It is apparent to the casual observer that there are more students on campus this year than there were last year, or in several previous years. If any current senior or junior has walked through Biever Hall recently, they might have noticed that every room in that dorm is now triple occupancy. When I started attending this university, the idea that three people would live in one of those rooms would have been appalling. Not only are there more students living on campus and being charged more to live in cramped conditions, some students are even being bussed in from dormitories on the University of New Orleans campus.
What does this all mean for the campus as a whole? I think it points to an abandonment of the university’s commitment to their Jesuit ideals. On the mission statements page of the Loyola University New Orleans website, there are a few points that I don’t believe are even attempting to be met this year in regards to the experience of the students. “That a personal concern for and respect for each person in the university community is evident in all its programs, practices and services.”
Really? How are you respecting students by making them pay through the nose to live in barrack-like conditions? How concerned are you for their health when there are now 60 students sharing one bathroom and shower area?
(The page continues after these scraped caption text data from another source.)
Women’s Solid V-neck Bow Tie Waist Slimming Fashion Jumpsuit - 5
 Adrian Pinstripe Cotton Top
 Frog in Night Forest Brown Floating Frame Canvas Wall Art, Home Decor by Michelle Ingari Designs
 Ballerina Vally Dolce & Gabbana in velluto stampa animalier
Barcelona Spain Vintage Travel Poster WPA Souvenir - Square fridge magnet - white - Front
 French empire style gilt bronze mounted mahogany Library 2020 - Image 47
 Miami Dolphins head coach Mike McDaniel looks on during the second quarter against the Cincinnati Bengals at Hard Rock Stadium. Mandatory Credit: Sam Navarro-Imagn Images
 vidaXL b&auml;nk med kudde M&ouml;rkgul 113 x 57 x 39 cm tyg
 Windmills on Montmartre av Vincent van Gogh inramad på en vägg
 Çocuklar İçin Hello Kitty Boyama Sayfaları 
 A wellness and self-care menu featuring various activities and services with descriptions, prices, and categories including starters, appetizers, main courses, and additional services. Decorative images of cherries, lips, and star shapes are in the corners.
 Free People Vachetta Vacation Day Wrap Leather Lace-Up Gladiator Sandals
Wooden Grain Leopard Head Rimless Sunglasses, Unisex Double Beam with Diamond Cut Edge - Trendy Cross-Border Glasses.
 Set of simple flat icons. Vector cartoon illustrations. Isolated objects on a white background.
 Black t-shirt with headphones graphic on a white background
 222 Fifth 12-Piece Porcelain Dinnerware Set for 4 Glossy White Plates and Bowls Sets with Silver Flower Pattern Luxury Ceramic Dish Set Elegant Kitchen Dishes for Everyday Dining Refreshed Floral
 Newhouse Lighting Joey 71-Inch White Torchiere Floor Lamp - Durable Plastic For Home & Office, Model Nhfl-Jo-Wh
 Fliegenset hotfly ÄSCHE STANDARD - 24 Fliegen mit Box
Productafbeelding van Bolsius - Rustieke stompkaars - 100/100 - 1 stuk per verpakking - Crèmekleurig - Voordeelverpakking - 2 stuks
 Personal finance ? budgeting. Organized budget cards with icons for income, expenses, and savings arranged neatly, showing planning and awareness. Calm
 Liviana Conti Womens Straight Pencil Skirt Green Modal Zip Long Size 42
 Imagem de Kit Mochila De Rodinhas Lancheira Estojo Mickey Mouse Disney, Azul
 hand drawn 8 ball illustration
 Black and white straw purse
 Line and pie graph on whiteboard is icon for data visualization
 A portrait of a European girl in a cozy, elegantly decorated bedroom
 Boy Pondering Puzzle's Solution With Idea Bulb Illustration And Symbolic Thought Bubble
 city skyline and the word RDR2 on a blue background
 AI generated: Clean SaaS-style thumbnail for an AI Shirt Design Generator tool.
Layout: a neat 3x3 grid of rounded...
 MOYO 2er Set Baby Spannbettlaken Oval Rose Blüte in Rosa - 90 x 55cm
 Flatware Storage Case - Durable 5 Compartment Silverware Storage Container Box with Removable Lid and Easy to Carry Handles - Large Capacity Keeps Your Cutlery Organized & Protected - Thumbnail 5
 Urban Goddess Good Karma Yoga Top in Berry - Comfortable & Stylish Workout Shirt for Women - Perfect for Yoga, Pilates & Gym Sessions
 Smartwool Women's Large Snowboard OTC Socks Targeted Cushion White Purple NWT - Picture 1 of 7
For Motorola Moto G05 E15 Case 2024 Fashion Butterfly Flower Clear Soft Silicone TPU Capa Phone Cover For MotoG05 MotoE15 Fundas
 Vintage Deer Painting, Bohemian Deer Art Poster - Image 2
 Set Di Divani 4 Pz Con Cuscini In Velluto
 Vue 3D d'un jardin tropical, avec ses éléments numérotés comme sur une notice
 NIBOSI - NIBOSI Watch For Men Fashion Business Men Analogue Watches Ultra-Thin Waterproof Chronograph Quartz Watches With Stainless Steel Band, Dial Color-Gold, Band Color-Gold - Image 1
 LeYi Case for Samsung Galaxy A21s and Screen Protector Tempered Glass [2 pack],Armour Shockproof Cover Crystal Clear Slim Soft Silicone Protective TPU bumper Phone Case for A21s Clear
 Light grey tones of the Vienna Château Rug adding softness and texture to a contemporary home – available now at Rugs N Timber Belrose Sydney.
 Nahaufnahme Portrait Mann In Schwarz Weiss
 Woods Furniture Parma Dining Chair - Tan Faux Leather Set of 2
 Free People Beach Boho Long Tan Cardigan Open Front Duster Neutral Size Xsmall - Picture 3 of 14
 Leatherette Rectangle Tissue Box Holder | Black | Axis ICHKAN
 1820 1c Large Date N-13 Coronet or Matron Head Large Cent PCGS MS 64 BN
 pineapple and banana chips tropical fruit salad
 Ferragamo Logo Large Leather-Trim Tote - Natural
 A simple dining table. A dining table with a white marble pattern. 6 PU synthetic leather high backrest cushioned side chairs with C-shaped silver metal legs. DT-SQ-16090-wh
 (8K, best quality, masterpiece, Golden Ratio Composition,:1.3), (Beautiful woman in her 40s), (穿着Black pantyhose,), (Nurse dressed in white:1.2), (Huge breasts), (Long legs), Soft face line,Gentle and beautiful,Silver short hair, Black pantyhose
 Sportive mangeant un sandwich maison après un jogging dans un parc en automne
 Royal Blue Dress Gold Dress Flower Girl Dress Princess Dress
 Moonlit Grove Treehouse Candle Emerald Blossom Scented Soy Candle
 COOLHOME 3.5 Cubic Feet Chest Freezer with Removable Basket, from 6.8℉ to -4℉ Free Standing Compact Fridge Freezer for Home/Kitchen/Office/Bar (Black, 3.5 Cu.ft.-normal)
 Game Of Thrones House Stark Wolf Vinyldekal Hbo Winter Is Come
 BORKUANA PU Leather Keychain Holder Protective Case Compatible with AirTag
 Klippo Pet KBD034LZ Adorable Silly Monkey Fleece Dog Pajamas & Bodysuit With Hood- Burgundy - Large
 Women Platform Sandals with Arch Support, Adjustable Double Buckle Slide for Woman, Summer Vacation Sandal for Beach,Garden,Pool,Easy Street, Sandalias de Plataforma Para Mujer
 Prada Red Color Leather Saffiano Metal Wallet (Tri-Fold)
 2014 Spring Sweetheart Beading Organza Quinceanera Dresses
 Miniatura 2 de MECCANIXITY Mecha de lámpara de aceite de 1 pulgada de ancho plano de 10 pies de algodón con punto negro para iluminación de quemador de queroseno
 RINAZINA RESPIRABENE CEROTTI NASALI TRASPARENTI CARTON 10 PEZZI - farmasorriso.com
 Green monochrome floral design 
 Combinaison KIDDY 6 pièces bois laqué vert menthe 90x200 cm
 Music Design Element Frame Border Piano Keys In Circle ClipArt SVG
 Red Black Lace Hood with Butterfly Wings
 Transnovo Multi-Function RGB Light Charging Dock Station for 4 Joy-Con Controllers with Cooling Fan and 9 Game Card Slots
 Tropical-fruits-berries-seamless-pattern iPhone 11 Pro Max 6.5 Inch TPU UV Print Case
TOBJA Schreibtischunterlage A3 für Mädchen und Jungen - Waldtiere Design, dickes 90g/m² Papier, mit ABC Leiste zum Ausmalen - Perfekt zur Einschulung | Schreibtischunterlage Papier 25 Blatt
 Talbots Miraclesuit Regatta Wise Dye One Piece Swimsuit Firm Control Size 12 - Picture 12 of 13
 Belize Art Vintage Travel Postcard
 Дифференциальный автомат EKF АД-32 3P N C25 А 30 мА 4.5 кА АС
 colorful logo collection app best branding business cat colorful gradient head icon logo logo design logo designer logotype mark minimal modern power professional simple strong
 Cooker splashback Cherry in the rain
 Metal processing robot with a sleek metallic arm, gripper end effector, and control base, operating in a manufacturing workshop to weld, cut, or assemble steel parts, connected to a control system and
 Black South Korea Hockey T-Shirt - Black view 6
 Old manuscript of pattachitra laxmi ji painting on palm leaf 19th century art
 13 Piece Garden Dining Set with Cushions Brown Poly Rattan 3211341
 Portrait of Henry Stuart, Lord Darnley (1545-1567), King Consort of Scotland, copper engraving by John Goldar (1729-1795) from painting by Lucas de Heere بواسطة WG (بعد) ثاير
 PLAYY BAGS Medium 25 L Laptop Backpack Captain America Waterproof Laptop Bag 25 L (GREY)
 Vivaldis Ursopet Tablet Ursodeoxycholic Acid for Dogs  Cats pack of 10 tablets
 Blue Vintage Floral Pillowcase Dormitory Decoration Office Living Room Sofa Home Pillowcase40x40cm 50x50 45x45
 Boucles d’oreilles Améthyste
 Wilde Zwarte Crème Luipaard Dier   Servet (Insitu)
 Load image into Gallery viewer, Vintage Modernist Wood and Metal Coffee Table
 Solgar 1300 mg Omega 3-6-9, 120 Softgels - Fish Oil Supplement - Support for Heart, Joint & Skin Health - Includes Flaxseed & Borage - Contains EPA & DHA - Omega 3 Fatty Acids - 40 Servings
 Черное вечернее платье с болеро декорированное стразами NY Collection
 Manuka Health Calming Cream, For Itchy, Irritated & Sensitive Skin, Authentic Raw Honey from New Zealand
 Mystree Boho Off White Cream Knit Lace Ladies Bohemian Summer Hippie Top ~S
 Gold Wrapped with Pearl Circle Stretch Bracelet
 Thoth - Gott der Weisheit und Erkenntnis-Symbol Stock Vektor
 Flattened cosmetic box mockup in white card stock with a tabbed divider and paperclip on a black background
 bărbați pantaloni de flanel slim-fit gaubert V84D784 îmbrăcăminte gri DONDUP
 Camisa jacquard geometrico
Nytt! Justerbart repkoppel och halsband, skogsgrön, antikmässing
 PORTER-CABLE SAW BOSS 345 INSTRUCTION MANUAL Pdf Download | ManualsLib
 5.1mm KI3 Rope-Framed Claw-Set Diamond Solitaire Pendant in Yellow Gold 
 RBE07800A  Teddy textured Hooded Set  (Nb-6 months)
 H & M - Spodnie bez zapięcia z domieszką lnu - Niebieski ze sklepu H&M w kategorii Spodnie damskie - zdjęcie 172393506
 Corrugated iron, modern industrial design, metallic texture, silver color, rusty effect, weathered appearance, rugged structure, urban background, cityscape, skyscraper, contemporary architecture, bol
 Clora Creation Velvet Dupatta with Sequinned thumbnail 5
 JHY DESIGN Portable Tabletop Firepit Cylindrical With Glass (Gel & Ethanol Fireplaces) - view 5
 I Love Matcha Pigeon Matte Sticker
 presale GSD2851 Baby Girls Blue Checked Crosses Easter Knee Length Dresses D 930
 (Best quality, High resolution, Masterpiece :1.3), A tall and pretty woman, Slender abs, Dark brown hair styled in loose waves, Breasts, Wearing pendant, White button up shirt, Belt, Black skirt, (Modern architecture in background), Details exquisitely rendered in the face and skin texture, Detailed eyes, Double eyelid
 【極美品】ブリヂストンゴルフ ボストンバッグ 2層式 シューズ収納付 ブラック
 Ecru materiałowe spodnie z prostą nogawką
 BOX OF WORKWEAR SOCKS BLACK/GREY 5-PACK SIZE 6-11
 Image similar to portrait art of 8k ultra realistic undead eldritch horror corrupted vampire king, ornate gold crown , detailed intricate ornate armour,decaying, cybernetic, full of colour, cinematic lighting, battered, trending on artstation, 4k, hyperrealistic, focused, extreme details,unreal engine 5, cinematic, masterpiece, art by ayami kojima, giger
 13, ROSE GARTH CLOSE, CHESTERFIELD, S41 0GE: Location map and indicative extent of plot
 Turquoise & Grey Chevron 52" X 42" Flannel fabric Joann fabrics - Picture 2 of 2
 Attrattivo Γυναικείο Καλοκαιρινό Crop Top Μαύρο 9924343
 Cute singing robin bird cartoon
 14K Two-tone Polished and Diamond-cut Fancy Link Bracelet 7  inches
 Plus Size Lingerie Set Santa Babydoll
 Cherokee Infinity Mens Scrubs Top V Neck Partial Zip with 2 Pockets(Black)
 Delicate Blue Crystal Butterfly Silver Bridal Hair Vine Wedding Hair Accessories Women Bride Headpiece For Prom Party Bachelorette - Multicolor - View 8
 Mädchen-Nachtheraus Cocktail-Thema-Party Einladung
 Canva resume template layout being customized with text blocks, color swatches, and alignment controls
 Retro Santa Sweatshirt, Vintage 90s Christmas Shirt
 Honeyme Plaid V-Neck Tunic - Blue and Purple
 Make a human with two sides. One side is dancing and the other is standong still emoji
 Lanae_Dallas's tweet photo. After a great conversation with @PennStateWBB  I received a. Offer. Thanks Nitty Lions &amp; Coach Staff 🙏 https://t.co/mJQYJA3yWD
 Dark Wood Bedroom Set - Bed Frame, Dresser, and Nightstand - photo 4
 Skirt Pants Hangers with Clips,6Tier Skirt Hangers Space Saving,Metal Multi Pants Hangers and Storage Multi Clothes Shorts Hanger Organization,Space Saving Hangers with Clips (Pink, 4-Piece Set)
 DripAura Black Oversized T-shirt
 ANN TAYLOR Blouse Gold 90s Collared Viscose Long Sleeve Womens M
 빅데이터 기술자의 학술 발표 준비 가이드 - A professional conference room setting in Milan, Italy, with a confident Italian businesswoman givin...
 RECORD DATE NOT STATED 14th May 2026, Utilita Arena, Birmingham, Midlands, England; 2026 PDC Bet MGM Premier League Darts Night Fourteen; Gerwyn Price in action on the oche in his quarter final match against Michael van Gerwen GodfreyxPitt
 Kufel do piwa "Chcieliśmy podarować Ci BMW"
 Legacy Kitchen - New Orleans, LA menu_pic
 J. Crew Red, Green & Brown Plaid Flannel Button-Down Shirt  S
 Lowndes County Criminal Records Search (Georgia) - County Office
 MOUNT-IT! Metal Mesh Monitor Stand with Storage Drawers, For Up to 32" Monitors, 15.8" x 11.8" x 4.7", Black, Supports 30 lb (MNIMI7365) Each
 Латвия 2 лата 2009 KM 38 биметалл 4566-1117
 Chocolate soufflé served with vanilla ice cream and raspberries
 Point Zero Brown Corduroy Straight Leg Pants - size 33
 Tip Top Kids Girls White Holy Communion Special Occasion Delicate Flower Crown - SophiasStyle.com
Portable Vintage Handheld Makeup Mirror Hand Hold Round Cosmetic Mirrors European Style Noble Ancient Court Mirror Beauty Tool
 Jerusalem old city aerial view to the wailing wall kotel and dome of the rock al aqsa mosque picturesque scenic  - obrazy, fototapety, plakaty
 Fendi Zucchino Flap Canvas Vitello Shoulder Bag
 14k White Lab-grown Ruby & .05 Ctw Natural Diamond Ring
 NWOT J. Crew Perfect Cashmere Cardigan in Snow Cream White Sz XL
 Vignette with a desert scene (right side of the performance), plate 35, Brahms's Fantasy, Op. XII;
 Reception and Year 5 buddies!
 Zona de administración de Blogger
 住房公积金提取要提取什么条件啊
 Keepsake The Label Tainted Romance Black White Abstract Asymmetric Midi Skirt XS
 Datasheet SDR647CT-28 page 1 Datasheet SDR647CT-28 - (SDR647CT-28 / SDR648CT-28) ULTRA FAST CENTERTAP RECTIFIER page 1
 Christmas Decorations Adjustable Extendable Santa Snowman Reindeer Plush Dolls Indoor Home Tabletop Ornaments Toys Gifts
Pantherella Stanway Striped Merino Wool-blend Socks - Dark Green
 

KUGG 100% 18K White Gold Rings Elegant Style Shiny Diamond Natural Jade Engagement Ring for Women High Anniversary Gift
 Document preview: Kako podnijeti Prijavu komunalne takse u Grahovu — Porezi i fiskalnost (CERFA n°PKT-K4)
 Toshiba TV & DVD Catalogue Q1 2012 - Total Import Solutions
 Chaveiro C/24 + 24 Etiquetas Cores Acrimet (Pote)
Not only is the entire on-campus living situation a wreck, but the student to teacher ratio is also completely out of whack. The university has hired additional staff, but how can it claim that there is an attempt to form “(A) learning community among students, faculty and staff marked by personal interaction, mutual concern and mutual respect” when the current student to teacher ratio in the school is actually 18:1, not the 12:1 they erroneously claim on the website. Not only is there not going to be one-on-one attention in classes with more than 25 students, most people attending the university will be lucky if they have one professor who remembers their names, let alone has “mutual respect and concern” for them.
It seems rather plain to me that the university is seeking profit over student experience. Why else would tuition rates go up almost $2000 a year, while admitting even more students, skyrocketing their net gains? I understand that the university is attempting to expand, but I feel that attempt is wholly misguided. Instead of focusing on expanding programs or improving them, the university is spending millions on new buildings. As pretty as the campus will eventually be, and as much as those future students will probably enjoy and get use out of the updated classrooms and amenities, the university has forgotten about us: the current students. The ones living in a messy, noisy construction zone. The ones being shoved into too small living spaces and forced to pay outrageously for the “privilege.” The administration needs to decide whether they are going to uphold their espoused Jesuit values or turn this university into a cash-cow. They can have one or the other – not both.